─── Input material
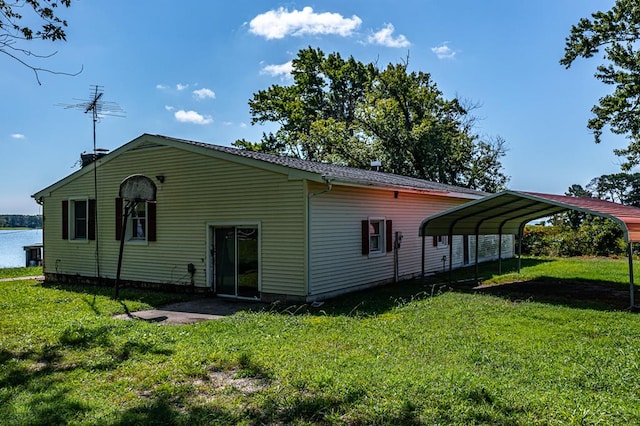 back of house with a carport, a water view, and a yard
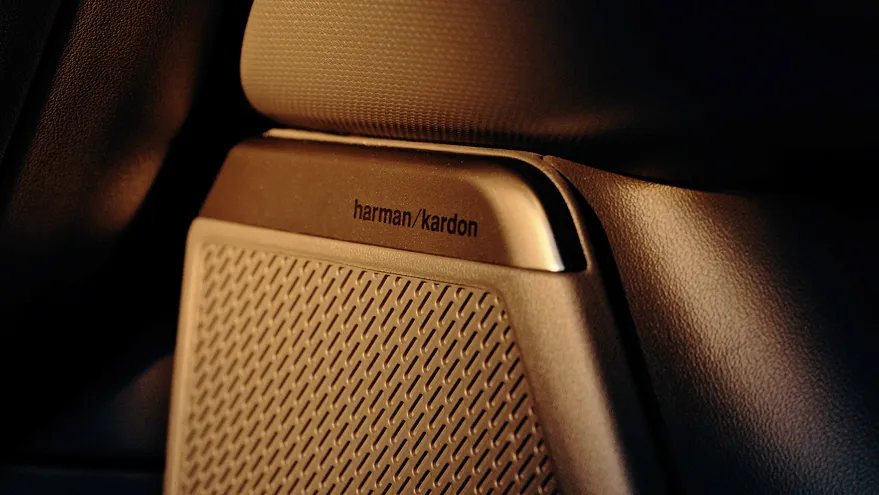 A driver pressing the Drive Mode button on the steering wheel.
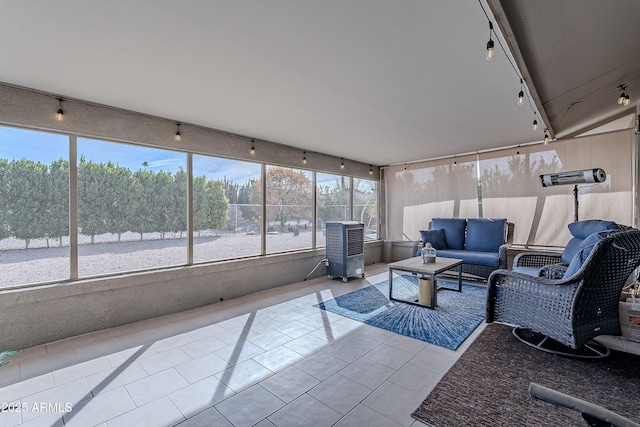 sunroom with rail lighting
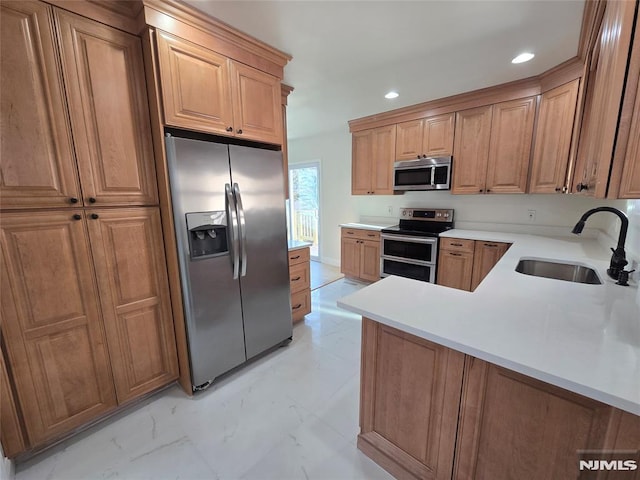 kitchen featuring kitchen peninsula, sink, and appliances with stainless steel finishes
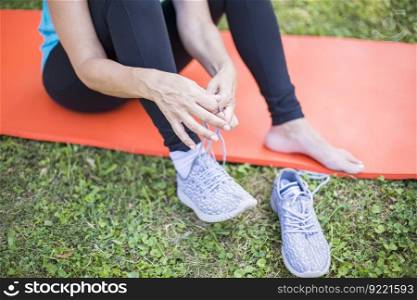 Happy senior woman tying shoe laces and sitting on the fittnes mat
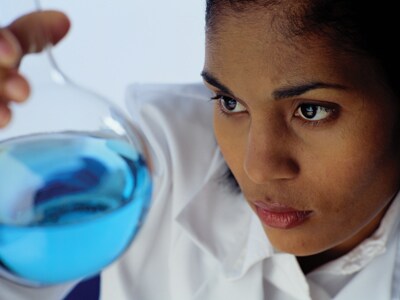 Liquids Chemist examining a flask of liquid
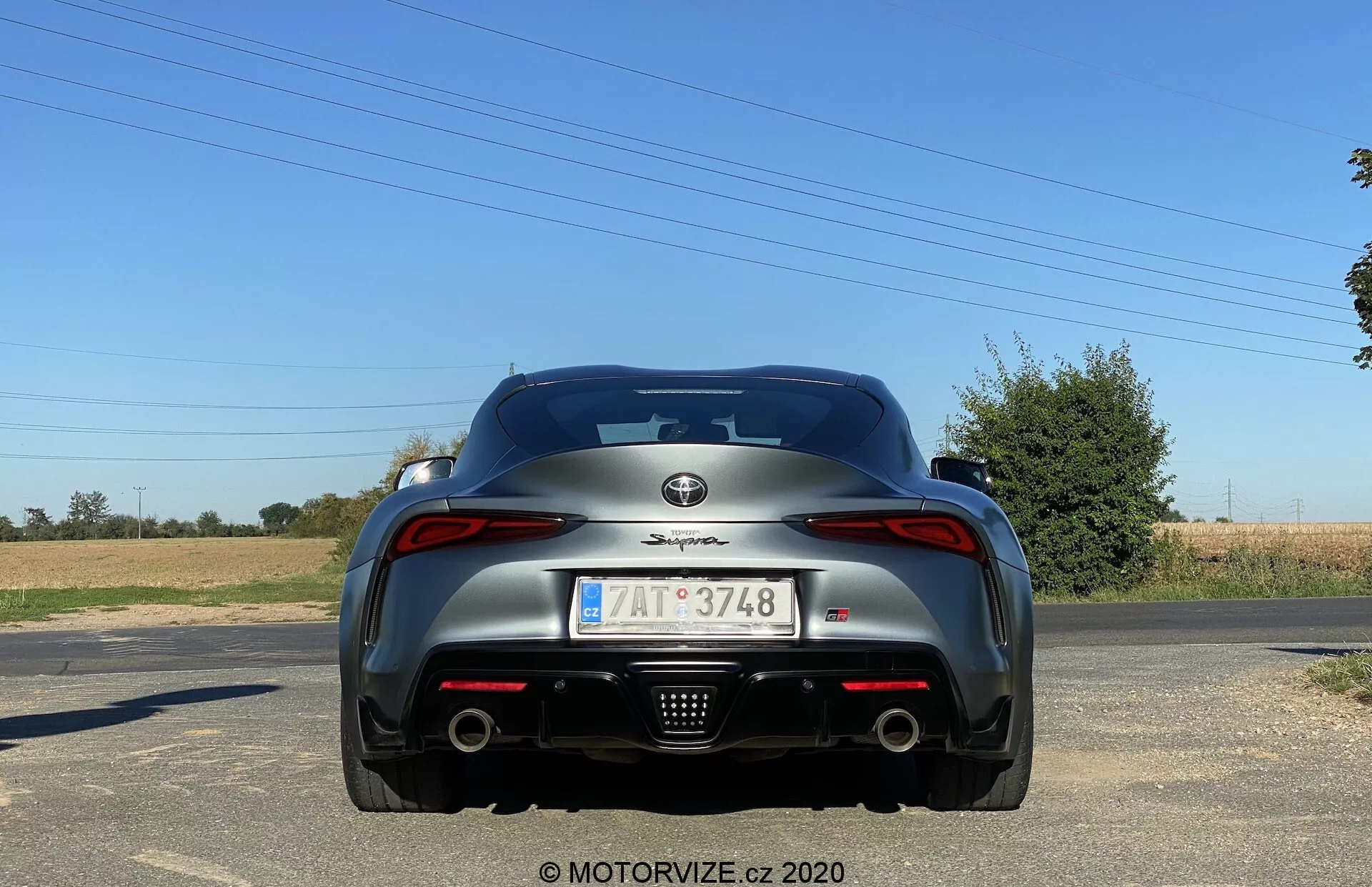 Pohled zezadu na Toyota Supra 2019 (Toyota GR Supra 2.0 Pure Automatic) jasného dne s venkovským pozadím. Fotografie z úrovně země ukazuje zadní část sportovního vozu v klidu. Viditelné designové prvky zahrnují výrobní odznak na víku kufru, modelový název nad poznávací značkou, výrazné zadní světlomety, dvojité výfukové trubky, aerodynamické linie s integrovaným zadním spojlerem a centrálně umístěnou poznávací značku s EU symbolem. Zadní sklo je mírně zakřivené a vůz je dokončen v tmavé, třpytivé barvě.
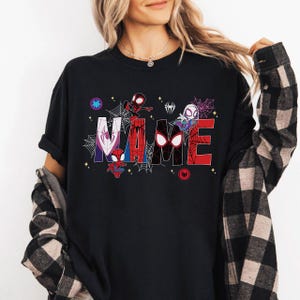 May include: Black t-shirt featuring the word "NAME" in a colorful, comic-style design with spider web accents and various Spider-Man characters. The shirt has a crew neck and short sleeves.
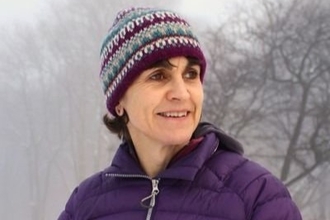 A woman in a woolly hat and insulated jacket smiling and looking to the right away from the camera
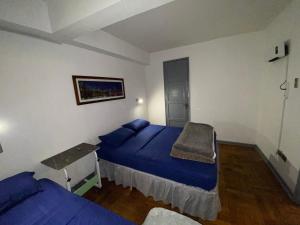 Un dormitorio con dos camas y una mesa dentro. en CASA ROMÁN Departamento en Providencia para 3 personas, en Santiago 47 fotos más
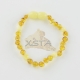 Amber baroque beads bracelet with white beads Amber baroque beads bracelet with white beads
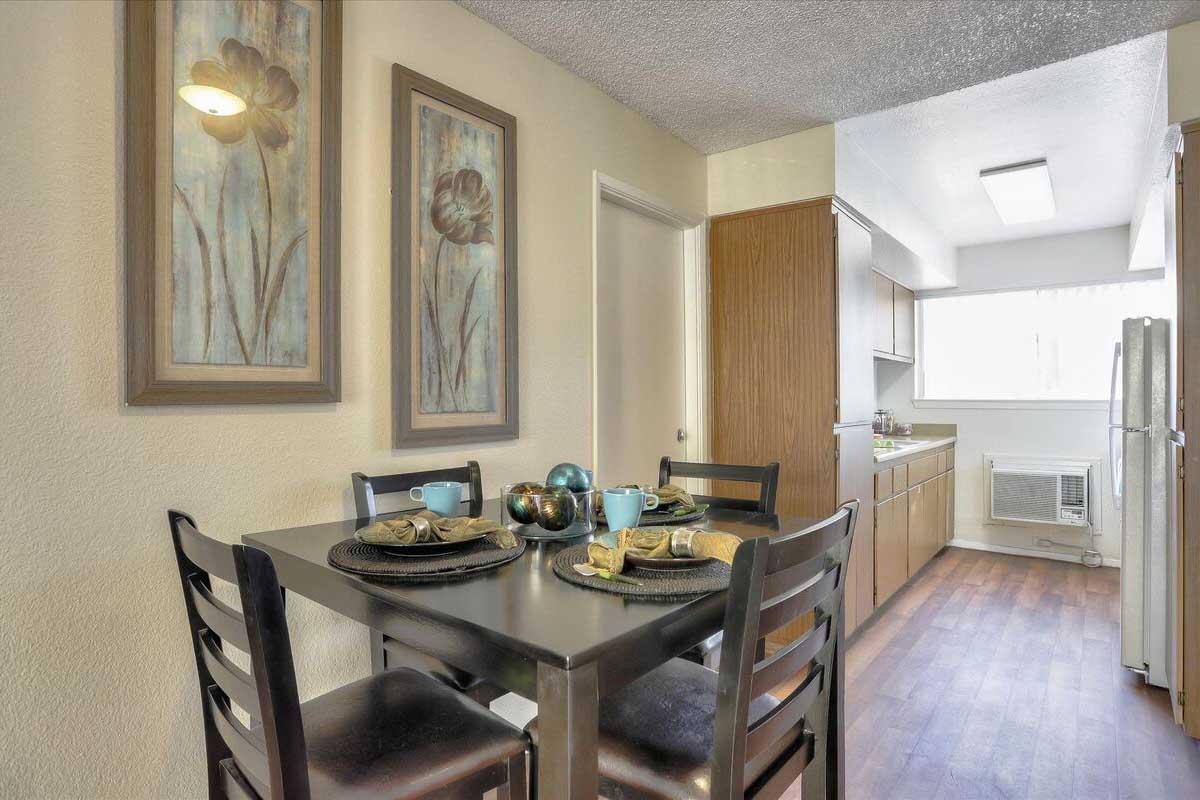 A cozy dining area featuring a table set for four with decorative plates, cups, and accessories. In the background, a well-lit kitchen with wooden cabinetry and modern appliances. Framed floral artwork adorns the walls, creating a warm and inviting atmosphere.
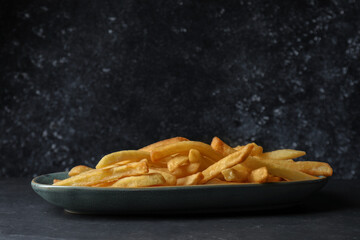 Plate of tasty french fries on black table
──────
* **About this task**
Set down the material again exactly. Don't carry over any pictures.

* **Solution for this task**
 back of house with a carport, a water view, and a yard
 A driver pressing the Drive Mode button on the steering wheel.
 sunroom with rail lighting
 kitchen featuring kitchen peninsula, sink, and appliances with stainless steel finishes
 Happy senior woman tying shoe laces and sitting on the fittnes mat
 Liquids Chemist examining a flask of liquid
 Pohled zezadu na Toyota Supra 2019 (Toyota GR Supra 2.0 Pure Automatic) jasného dne s venkovským pozadím. Fotografie z úrovně země ukazuje zadní část sportovního vozu v klidu. Viditelné designové prvky zahrnují výrobní odznak na víku kufru, modelový název nad poznávací značkou, výrazné zadní světlomety, dvojité výfukové trubky, aerodynamické linie s integrovaným zadním spojlerem a centrálně umístěnou poznávací značku s EU symbolem. Zadní sklo je mírně zakřivené a vůz je dokončen v tmavé, třpytivé barvě.
 May include: Black t-shirt featuring the word "NAME" in a colorful, comic-style design with spider web accents and various Spider-Man characters. The shirt has a crew neck and short sleeves.
 A woman in a woolly hat and insulated jacket smiling and looking to the right away from the camera
 Un dormitorio con dos camas y una mesa dentro. en CASA ROMÁN Departamento en Providencia para 3 personas, en Santiago 47 fotos más
 Amber baroque beads bracelet with white beads Amber baroque beads bracelet with white beads
 A cozy dining area featuring a table set for four with decorative plates, cups, and accessories. In the background, a well-lit kitchen with wooden cabinetry and modern appliances. Framed floral artwork adorns the walls, creating a warm and inviting atmosphere.
 Plate of tasty french fries on black table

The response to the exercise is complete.